I do have a Windows 10 virtual instance, so I fired it up and pointed my Edge browser to the URL in question and that’s what I started seeing the problem. Edge would completely refuse to connect to the URL, but it wouldn’t tell me why. Next, I connected to a Windows 2008R2 instance I have running in AWS to check and see what it reported and found that IE 11 would at least show me the error (Certificate Revoked).

Ok, now I know what the problem is and know which browsers check and which browsers don’t. We quickly updated our CloudFront distribution to use the correct certificate and everything was good to go.

Since I don’t run Windows must of the time, I wanted to figure out an easier way to validate whether or not a particular certificate has been revoked. Since I knew that I could use openssl to look at certs and pull down information I decided to figure what commands I would need to do to be able to check if a cert has been revoked.

In order to make the following commands easier to run (and easier to create a shell script out of), I have used variables as much as I can.
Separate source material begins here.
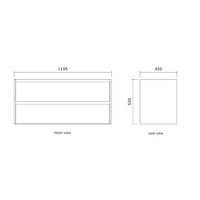 Badmeubelset BWS Riga Met Asia Wastafel Mat Zwart 120 cm Walnoot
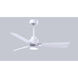 Atlas Alessandra-LK 42 inch Matte White Indoor/Outdoor Ceiling Fan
The first step is to set the URL of the site you want to test:

export URL=austincloud.guru

Once that is set, download the certificate:

echo ""| openssl s_client -connect $URL:443 -servername $URL 2>&1|openssl x509 -out test.crt

Next, set the Online Certificate Status Protocol (OSCP) URL and the Issuer URL:

export OCSP_URI=`cat test.crt |openssl x509 -noout -ocsp_uri`
export ISSUER=`cat test.crt |openssl x509 -noout -text |grep "CA Issuers"|grep -o 'https*://[^"]*'`

Download the Issuer Certificate. Most of them are in the der format, but I found that Google’s was already a .pem

# der formated
curl -s $ISSUER |openssl x509 -inform der -out signer.pem

# pem formated
curl -s $ISSUER > signer.pem

Finally, run the ocsp command to determine if the cert has been revoked or not:

openssl ocsp -issuer signer.pem -cert test.crt -text -url $OCSP_URI -header "HOST" `echo $OCSP_URI| cut -d / -f 3`

Once you have done, you will either see something like this if it is revoked:

test.crt: revoked
This Update: Jul 28 20:23:54 2017 GMT
Next Update: Jul 30 08:23:54 2017 GMT
Reason: cessationOfOperation
Revocation Time: Jul 15 14:40:33 2017 GMT

or something like this if it is valid:

test.crt: good
This Update: Jul 28 17:32:00 2017 GMT
Next Update: Aug 4 16:47:00 2017 GMT

One caveat. When I was running this in MacOS Sierra, the native OpenSSL command didn’t work as it doesn’t seem to support the ‘-header’ option. I had to download openssl from Homebrew and use that one. It seemed to work just fine in my AWS Linux instance.